I don't think it is even fruitful. We already know that mappings that don't contain poles can be approximated in various ways: Taylor expansion, piecewise linear, fourier transforms.. Taylor expansion is the polynomial fitting for authors, piecewise linear is NN with relu activation.

eklitzke · on Feb 14, 2019

Not to mention that as a practical matter, the ability to train a neural network with backpropagation is important to get results that actually converge in a reasonable amount of time. It's not useful to say "but you could just use a polynomial regression" if you can't actually generate the equivalent polynomial regression in the same amount of time that you can train a neural network.

scottlocklin · on Feb 14, 2019

I'm not sure that's actually correct. In fact I'm sure it is incorrect for a polynomial of degree 1. Otherwise, there's nothing special about relu or tanh that you can't use sequential/backprop on polynomial regression in general.

pfortuny · on Feb 14, 2019

Not to be nitpicky: it is not the Taylor polynomial (it does not approach any continuous function). It is a result by weierstrass on polynomial approximation on a closed interval.

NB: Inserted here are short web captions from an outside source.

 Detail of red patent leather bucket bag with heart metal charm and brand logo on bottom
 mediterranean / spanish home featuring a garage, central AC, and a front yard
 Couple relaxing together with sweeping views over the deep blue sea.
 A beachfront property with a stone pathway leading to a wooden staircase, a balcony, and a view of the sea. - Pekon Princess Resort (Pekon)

f(x)=exp(-x^2) has the same Taylor expansion as g(x)=0 at x=0.

aqwsedopl · on Feb 14, 2019

Wouldn’t the math academics have seen this in literally one second. How was this not asserted even earlier? Just genuinely curious as a completely unaware programmer

Chabs · on Feb 14, 2019

My gut feeling is that yes, this is pretty much self evident.

However, the interesting part of the paper is that they use that equivalency to propose that properties of polynomial regression are applicable to Neural networks, and draw some conclusions from that.

krcz · on Feb 14, 2019

> any continuous function is can be approximated via a taylor series expansion We can get a good polynomial approximation of any continuous function but just on bounded set. Wouldn't such assumption (restriction of activation function domain) be problematic?

joker3 · on Feb 14, 2019

I think that's a very good point. Yes, you can approximate any given clasical NN with a polynomial, but how does the number of terms in the polynomial scale with the network size and the desired accuracy? There might be a very good paper there.